Start of Input records
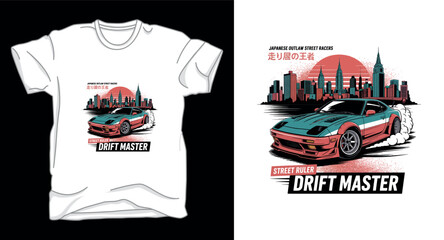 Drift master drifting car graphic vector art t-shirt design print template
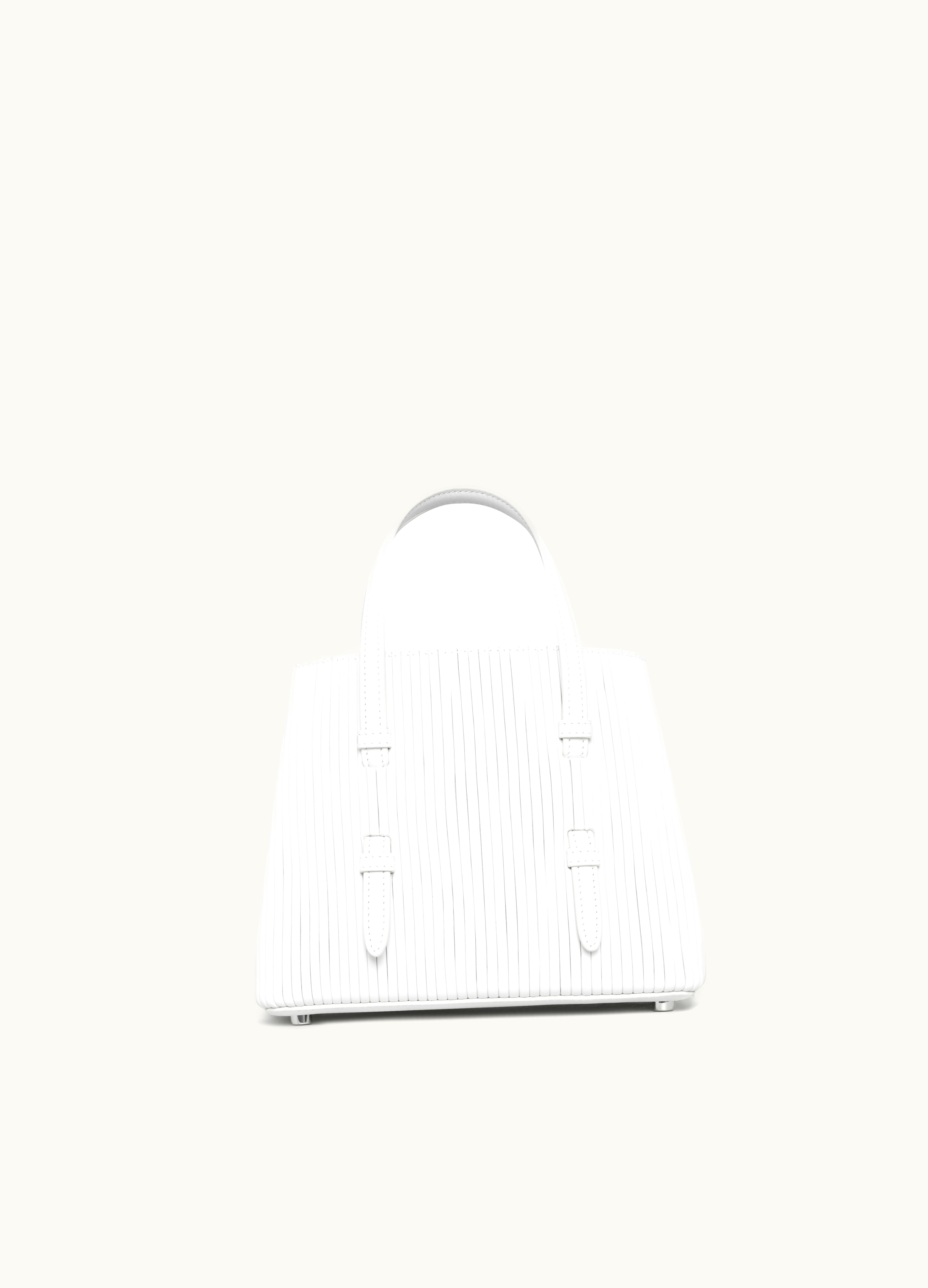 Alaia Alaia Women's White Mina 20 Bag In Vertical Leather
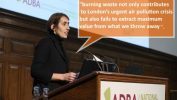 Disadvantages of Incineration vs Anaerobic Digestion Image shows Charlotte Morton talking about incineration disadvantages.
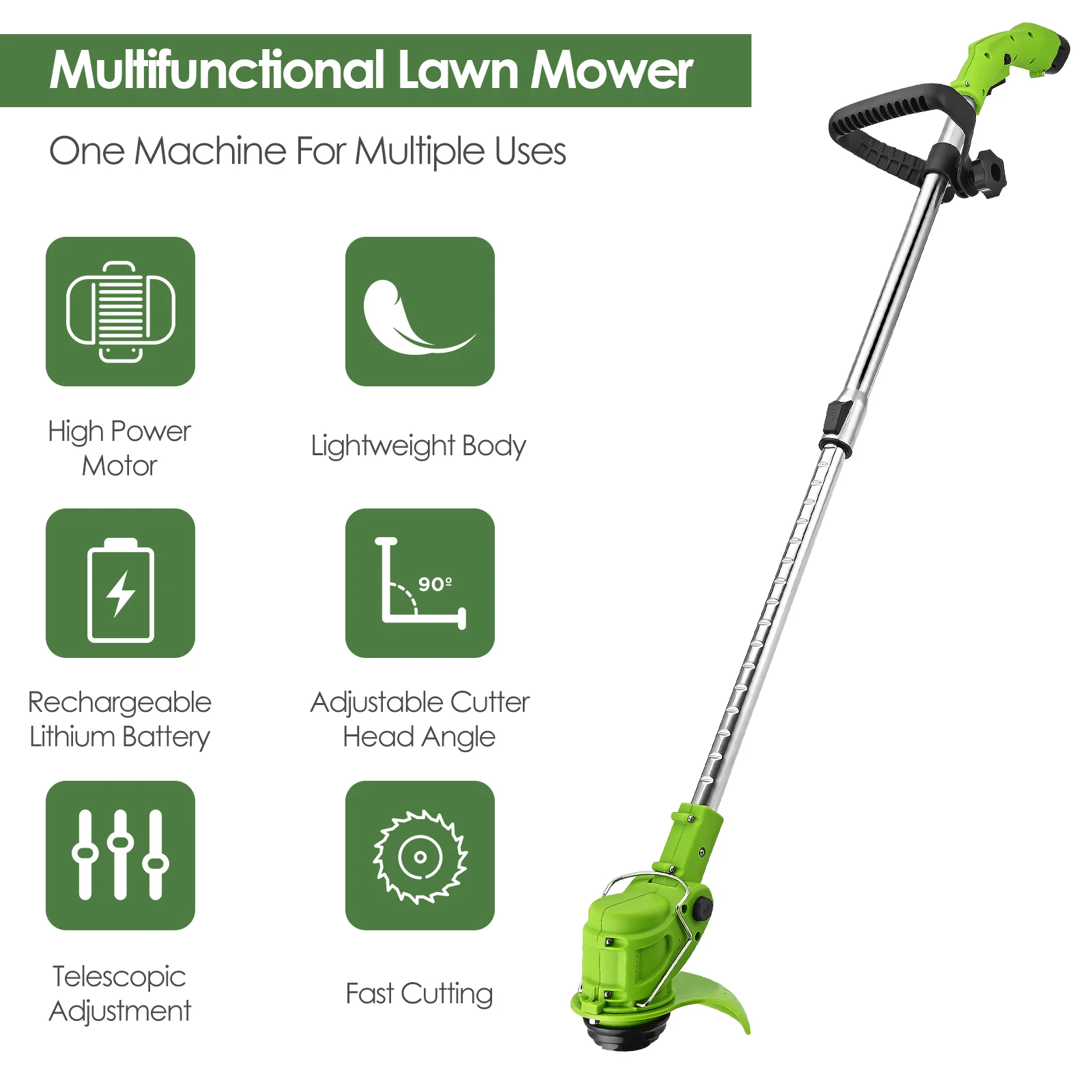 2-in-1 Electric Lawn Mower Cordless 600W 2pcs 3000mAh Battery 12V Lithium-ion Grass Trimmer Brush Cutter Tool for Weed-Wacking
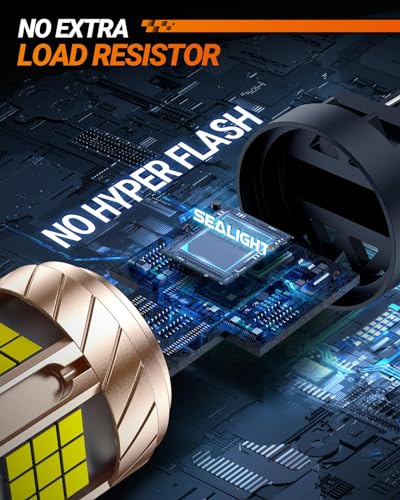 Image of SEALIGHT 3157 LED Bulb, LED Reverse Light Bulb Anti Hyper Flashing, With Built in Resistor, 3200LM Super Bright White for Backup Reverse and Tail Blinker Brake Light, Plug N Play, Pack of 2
End of Input records
*Work instruction*:
Starting at the line that contains "Alaia Alaia Women's", reproduce every line through the last one in the records exactly, and omit all pictures.

*Your solution*:
 Alaia Alaia Women's White Mina 20 Bag In Vertical Leather
 Disadvantages of Incineration vs Anaerobic Digestion Image shows Charlotte Morton talking about incineration disadvantages.
 2-in-1 Electric Lawn Mower Cordless 600W 2pcs 3000mAh Battery 12V Lithium-ion Grass Trimmer Brush Cutter Tool for Weed-Wacking
 Image of SEALIGHT 3157 LED Bulb, LED Reverse Light Bulb Anti Hyper Flashing, With Built in Resistor, 3200LM Super Bright White for Backup Reverse and Tail Blinker Brake Light, Plug N Play, Pack of 2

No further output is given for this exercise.